The recently passed Food Safety Bill and a new technology are likely to improve food safety

(RxWiki News) The recent passing of the Food Safety Bill in combination with a new bacteria-detecting technology is likely to make American consumers safer.

Last week, President Obama signed into law the Food Safety Bill, the first significant piece of consumer protection legislation concerning food products in over 70 years. According to Health and Human Services Secretary Kathleen Sebelius, the bill will ensure the safety of Americans as they sit down to eat.

Over the past few years, the United States has experienced a plethora of contaminated foods including eggs, beef, cheese, and celery. The Salmonella contamination of eggs this past summer sickened over 2,400 people. Cheeses from both Bravo Farms and Morningland Dairy were linked to food-borne illnesses as well.

As outbreaks of food-borne illnesses become seemingly more common, companies such as Micro Identification Technologies, Inc. (MIT) are finding ways to protect consumers.
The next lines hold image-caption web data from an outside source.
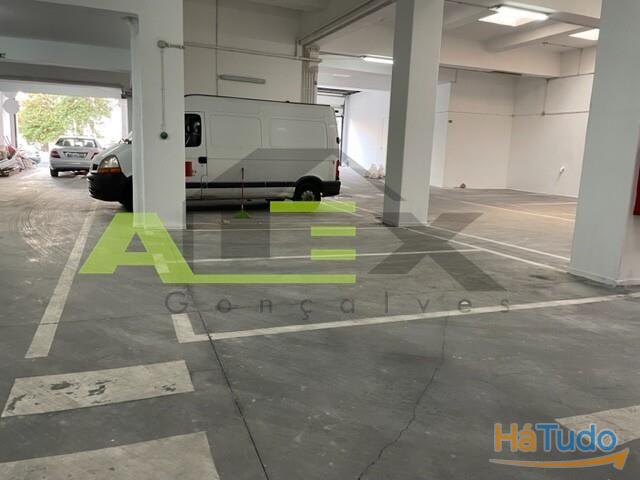 Espaço ( Garagem ) / ANJOS / Renda mensal 6.500? Espaço ( Garagem ) / ANJOS / Renda mensal 6.500?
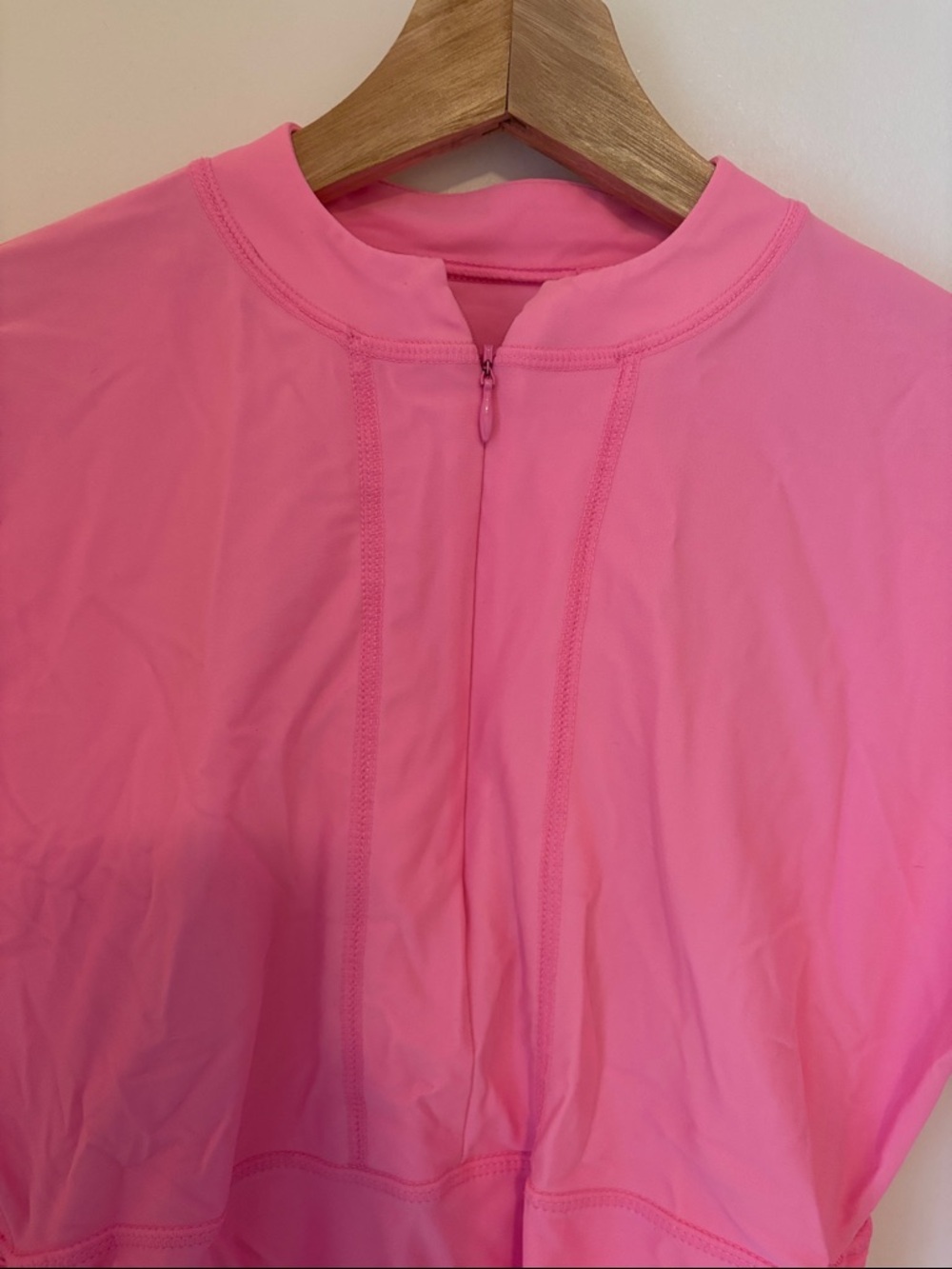Tesla Women's Long Sleeve Pink Zip-Front Cinch Swim Top - Picture 7 of 9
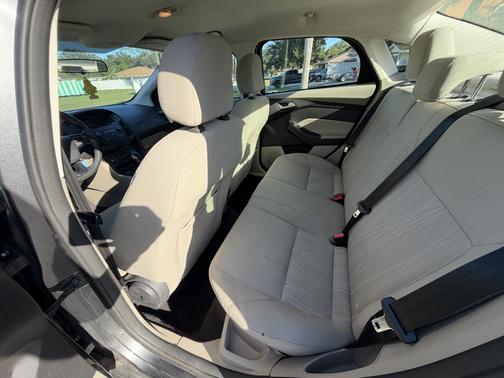 Gray 2017 Ford Focus SE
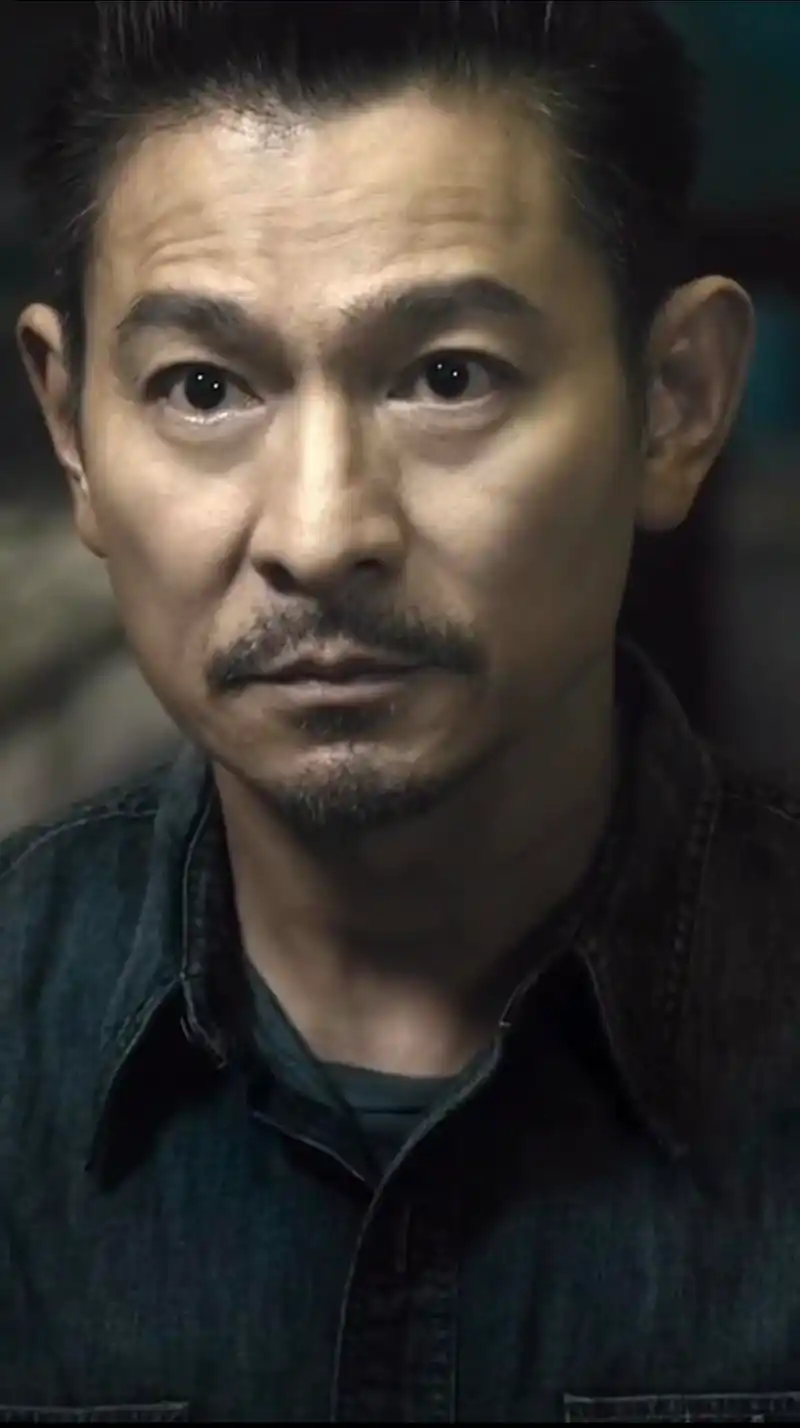 扎辫子留胡子的华仔好帅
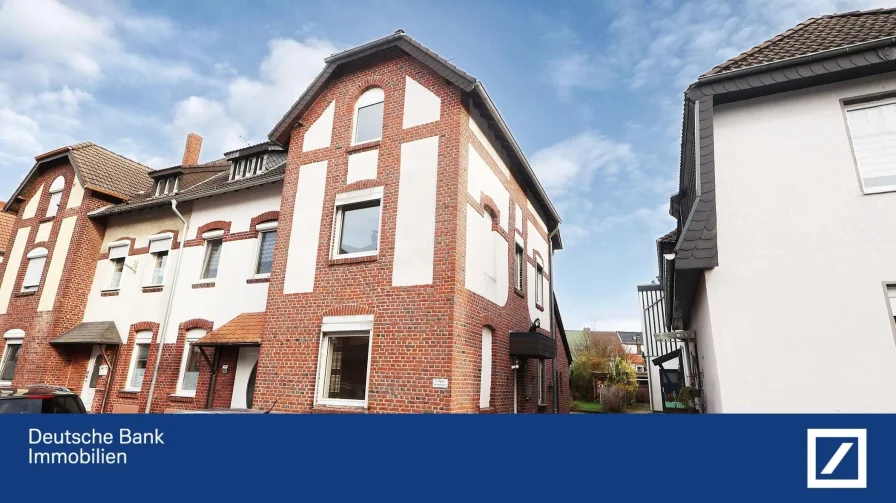 Hausfront - Haus kaufen in Viersen - VIE-Dülken: Reihenendhaus mit Sanierungsbedarf – Viel Potenzial für Handwerker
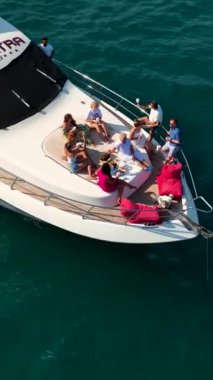 Güzel Akdeniz kıyısında huzurlu bir yolculuk.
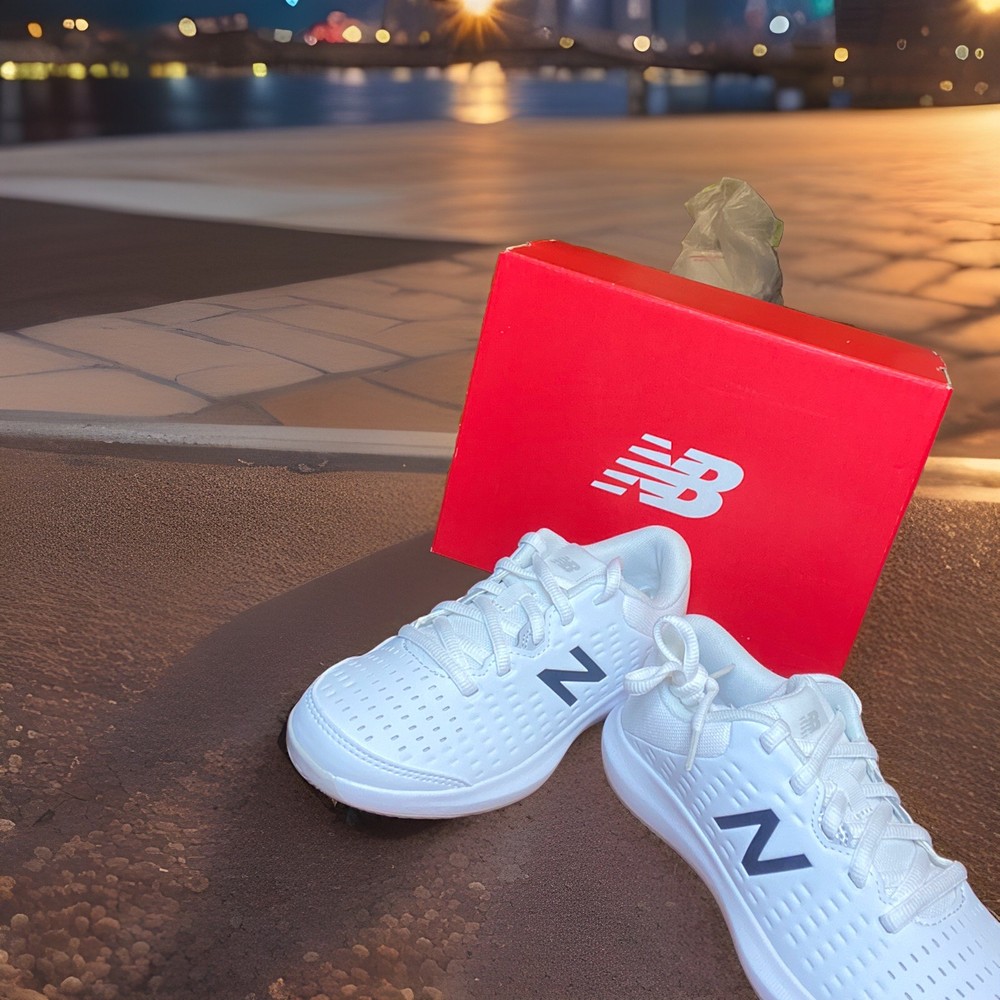 New Balance Kids Sneakers White Hardcore Tennis Size 1 -Brand New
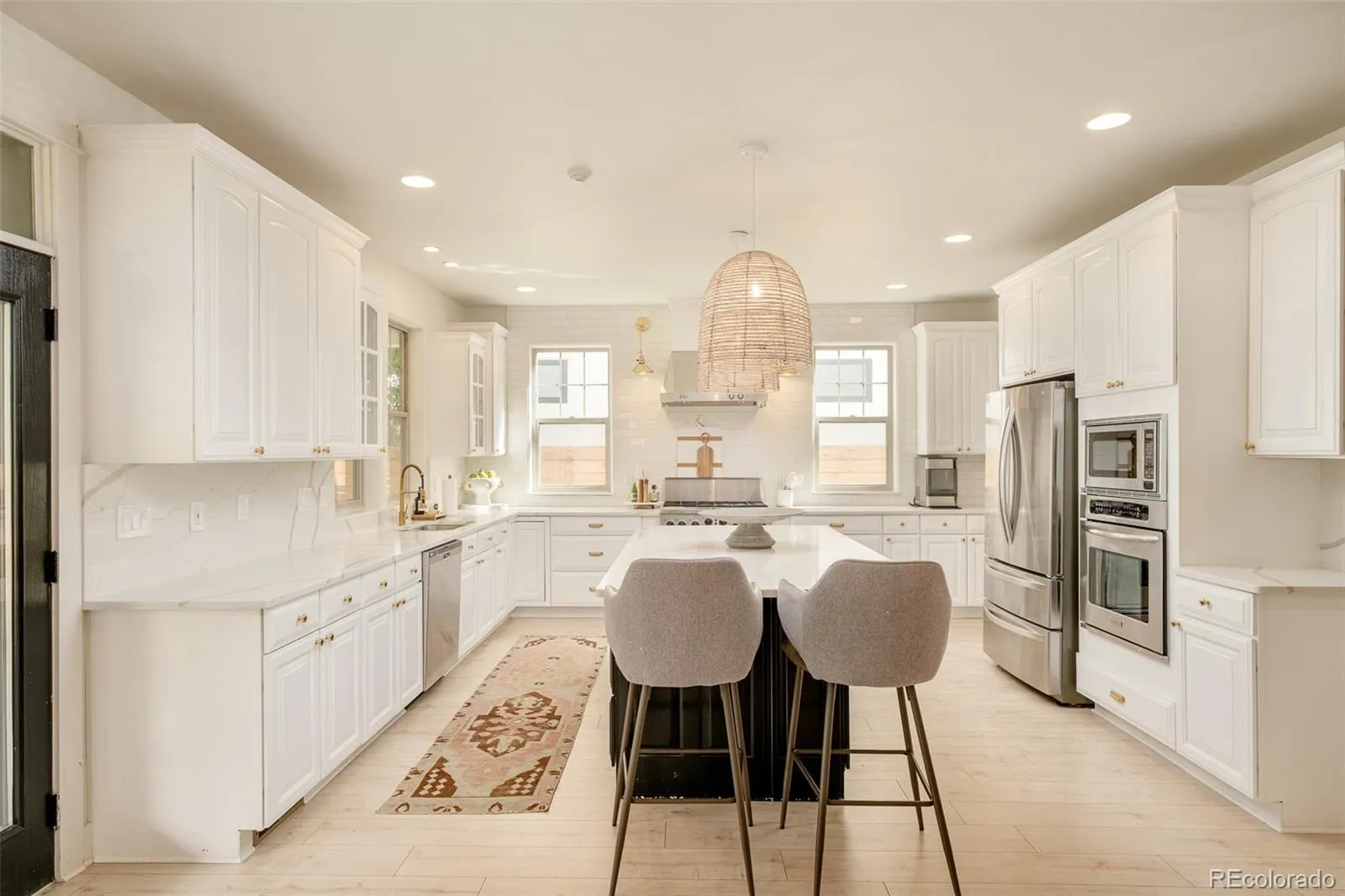 3050 S Bellaire Street Denver CO 80222 MLS #REC7123303 05222026222216 1600 8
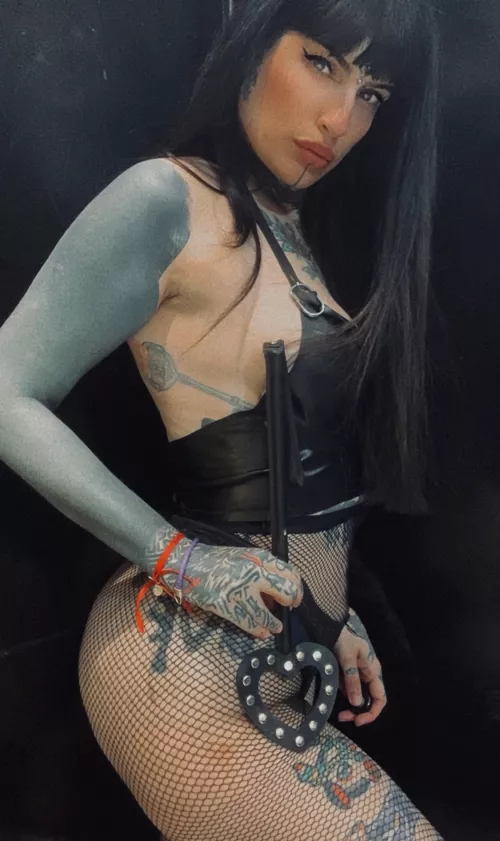 All the goth girls wear fishnets by gotike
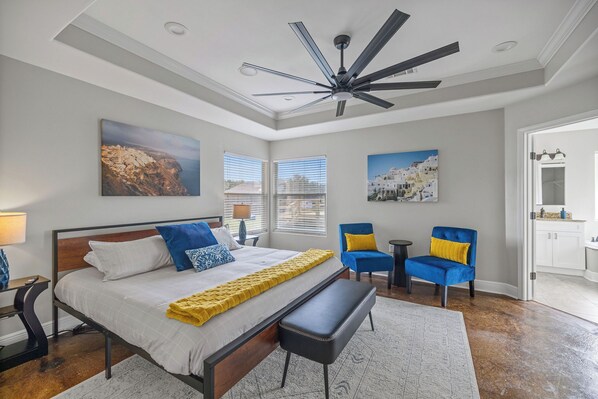 4 bedrooms, desk, iron/ironing board, travel cot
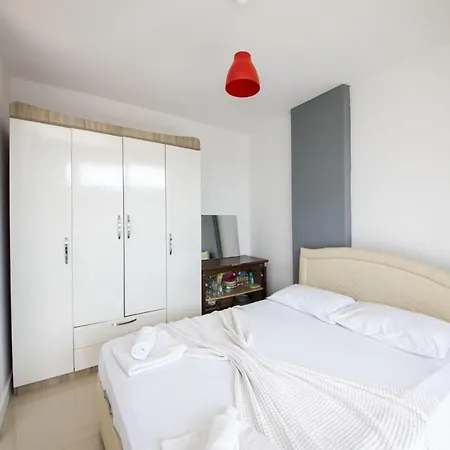 Villa Comfy With Shared Pool And Gym In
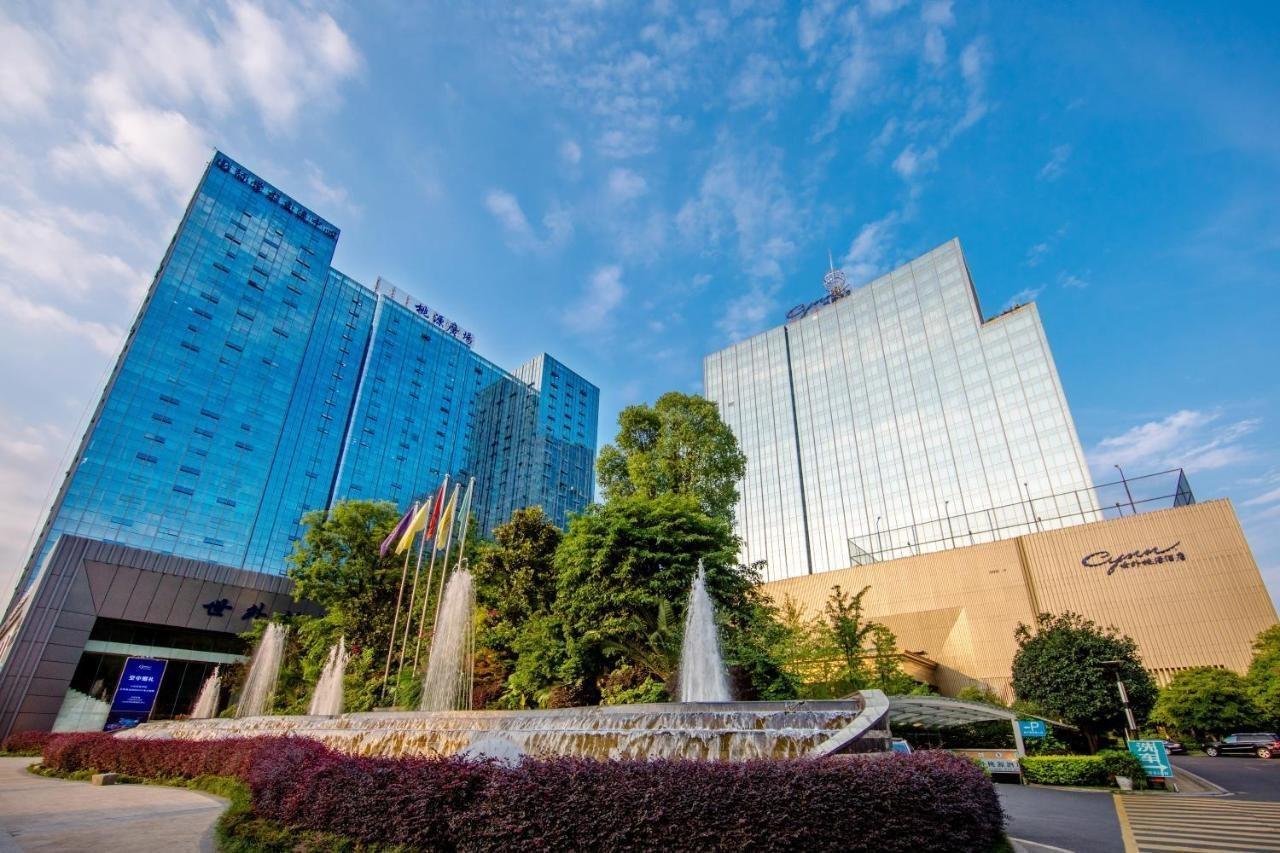 Chengdu Cynn Hotel Bagian luar foto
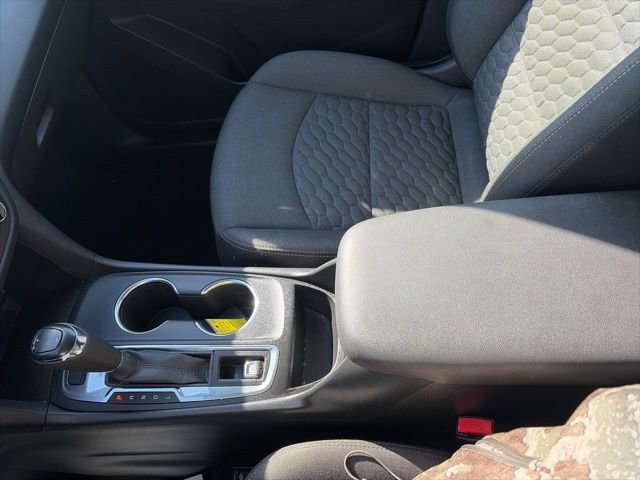 Used 2020 Chevrolet Equinox LT w/ Driver Convenience Package image 16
At the beginning of the year, MIT announced the development of the MIT 1000 Rapid Mircrobial Identification System, a new technology that can identify bacteria in less than 5 minutes. What's more, each test incurs a cost of less than 10 cents. The system is already certified by the AOAC Research Institute to test for Listeria. MIT reports that it is currently handling certification for Salmonella and E. coli.

MIT has shown that its system can identify E. coli, Listeria, and Salmonella - the three pathogens to blame for most of the food contaminations around the world - as well as 20 other types of bacteria. In more than 300 tests, MIT's system accurately identified pathogenic bacteria with 95 percent accuracy.

According to Liz Hitchcock, food expert with the U.S. Public Interest Research Group, outbreaks of Salmonella, Listeria, and E. coli can only be contained if they are prevented from happening in the first place. Hopes are that the recent legislation passed by Congress in combination with MIT's identification system will reduce the risk of food-borne illnesses.